[DATA LISTING — start]

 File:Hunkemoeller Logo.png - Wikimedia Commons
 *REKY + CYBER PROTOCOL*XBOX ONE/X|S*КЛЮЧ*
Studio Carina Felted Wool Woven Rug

[DATA LISTING — finish]
[DATA LISTING — start]

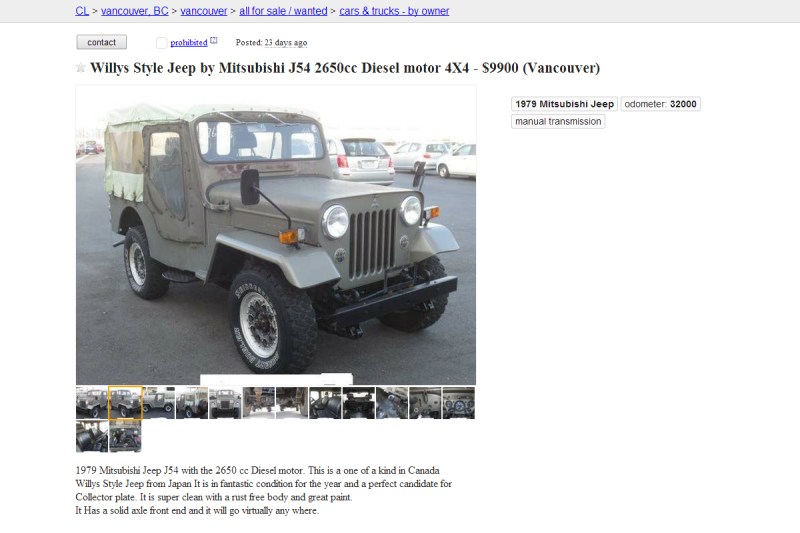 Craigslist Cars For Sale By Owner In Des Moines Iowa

[DATA LISTING — finish]

[THE PROBLEM]: From the entries above, write out only the lines starting at the line that holds "CYBER PROTOCOL*XBOX ONE/X|S*КЛЮЧ*" and ending at the line that holds "Studio Carina Felted Wool Woven Rug", keeping both and matching them exactly.

[RESULT]:
 *REKY + CYBER PROTOCOL*XBOX ONE/X|S*КЛЮЧ*
Studio Carina Felted Wool Woven Rug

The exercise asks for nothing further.